Problem 3 - Roman to Integer
Leetcode Link: Roman to Integer.
Statement
Roman numerals are represented by seven different symbols: I, V, X, L, C, D and M.
| Symbol | Value |
|---|---|
| I | 1 |
| V | 5 |
| X | 10 |
| L | 50 |
| C | 100 |
| D | 500 |
| M | 1000 |
For example, 2 is written as II in Roman numeral, just two ones added together. 12 is written as XII, which is simply X + II. The number 27 is written as XXVII, which is XX + V + II.
Roman numerals are usually written largest to smallest from left to right. However, the numeral for four is not IIII. Instead, the number four is written as IV. Because the one is before the five we subtract it making four. The same principle applies to the number nine, which is written as IX. There are six instances where subtraction is used:
I can be placed before V (5) and X (10) to make 4 and 9. X can be placed before L (50) and C (100) to make 40 and 90. C can be placed before D (500) and M (1000) to make 400 and 900.
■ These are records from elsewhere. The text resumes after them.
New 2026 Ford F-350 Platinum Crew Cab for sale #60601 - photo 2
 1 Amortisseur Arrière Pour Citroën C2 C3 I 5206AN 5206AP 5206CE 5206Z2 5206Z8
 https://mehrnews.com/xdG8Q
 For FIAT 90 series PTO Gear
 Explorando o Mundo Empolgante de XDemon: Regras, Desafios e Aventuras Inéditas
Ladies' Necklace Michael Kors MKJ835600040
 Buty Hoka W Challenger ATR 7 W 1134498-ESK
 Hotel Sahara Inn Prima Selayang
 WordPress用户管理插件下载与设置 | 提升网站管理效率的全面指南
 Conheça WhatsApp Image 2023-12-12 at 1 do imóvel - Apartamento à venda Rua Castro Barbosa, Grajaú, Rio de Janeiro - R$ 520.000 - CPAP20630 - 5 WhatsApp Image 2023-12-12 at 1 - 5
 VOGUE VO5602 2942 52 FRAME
Given a roman numeral, convert it to an integer.
Examples
Input: s = "III"
Output: 3
Explanation: III = 3.
Input: s = "LVIII"
Output: 58
Explanation: L = 50, V= 5, III = 3.
Input: s = "MCMXCIV"
Output: 1994
Explanation: M = 1000, CM = 900, XC = 90 and IV = 4.
Solution - Simple loop
Concept
Create two dictionatries. The first one maps a roman symbol to its numeric value. The second maps I, X and C to their respective pairs.
Initialize \(\text{result}\) to \(0\). It will store the final result
For each \(0 \le i < len(s)\):
- Get the digit at index \(i\)
- Get its value from the value map
- Set a variable \(\text{increment}\) as \(1\)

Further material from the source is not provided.